4 Ways Engineering Can Improve Your Animal Care Facility

Engineering to Improve Your Building


Many people do not realize the lasting impacts of engineering decisions on their animal care facility or the complex engineering requirements of an animal care facility. Good engineering decisions can mean the difference between a building riddled with disease and odor issues and a building with appropriate separation and flexibility within the mechanical systems that aid in disease and odor control.





When designing facilities, the Design Learned team of building experts has developed state-of-art engineering and design practices to overcome common animal care problems such as noise, odor, disease, behavior, and unnecessary stress.


The Design Learned building experts address these issues in four ways:

  1. floor planning

  2. mechanical design

  3. lighting systems

  4. plumbing systems

Floor Planning


Interestingly, the Design Learned engineering practices start with floor planning.
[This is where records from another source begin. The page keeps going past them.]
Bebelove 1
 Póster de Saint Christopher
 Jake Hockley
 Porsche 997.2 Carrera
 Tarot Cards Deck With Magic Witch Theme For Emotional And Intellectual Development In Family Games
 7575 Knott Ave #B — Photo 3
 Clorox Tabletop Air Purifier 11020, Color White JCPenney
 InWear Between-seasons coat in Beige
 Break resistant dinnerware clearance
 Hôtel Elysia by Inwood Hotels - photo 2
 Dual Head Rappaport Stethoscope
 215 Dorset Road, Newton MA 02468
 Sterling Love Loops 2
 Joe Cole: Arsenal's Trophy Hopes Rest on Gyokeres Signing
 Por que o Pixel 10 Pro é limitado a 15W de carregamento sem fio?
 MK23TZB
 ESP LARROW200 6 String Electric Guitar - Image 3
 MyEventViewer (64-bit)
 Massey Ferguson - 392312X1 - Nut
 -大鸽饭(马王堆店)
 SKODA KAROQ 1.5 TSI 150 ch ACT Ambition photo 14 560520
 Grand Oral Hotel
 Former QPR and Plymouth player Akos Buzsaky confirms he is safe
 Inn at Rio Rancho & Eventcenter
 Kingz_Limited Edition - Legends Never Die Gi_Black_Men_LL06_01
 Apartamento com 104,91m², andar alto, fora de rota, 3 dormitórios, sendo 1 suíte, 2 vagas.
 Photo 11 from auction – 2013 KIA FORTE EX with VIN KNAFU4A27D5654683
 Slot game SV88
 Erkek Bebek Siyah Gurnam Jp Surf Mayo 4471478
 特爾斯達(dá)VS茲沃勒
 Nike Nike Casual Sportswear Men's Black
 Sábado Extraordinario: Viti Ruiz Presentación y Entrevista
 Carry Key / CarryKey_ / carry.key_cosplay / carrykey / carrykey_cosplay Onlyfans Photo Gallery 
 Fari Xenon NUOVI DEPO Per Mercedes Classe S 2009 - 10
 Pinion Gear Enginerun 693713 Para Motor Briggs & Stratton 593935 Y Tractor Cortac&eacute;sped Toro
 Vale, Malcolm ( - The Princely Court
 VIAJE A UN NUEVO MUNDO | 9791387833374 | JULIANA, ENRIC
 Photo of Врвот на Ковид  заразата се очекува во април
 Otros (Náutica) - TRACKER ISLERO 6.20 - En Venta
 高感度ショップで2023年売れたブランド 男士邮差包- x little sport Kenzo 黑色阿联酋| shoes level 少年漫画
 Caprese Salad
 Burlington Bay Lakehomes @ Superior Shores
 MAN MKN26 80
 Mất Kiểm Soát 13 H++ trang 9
Floor planning dramatically impacts noise control, environmental comfort, air quality, and stress reduction in animals and staff. Suppose a floor plan is not well thought out and does not take the overall engineering of the building into account. In that case, the engineering design will not be able to be at its best performance level due to those restrictions that the floor plan and layout place on it.


Our building experts consider things like equipment size requirements within spaces, separate smaller animal zones, separation of different species housing, circulation corridors that preclude walking through one animal area to get to another, service areas in a central core of the building, and distributed outdoor access with limited stimulation for the animals.


Mechanical Design


Our goal with a Design Learned mechanical system design is to mitigate noise, odor, disease, and stress as much as possible. Our building experts design mechanical systems with multiple smaller, fully independent HVAC systems. This type of design allows for flexibility with the use of the building and each space - regarding that particular HVAC system’s settings.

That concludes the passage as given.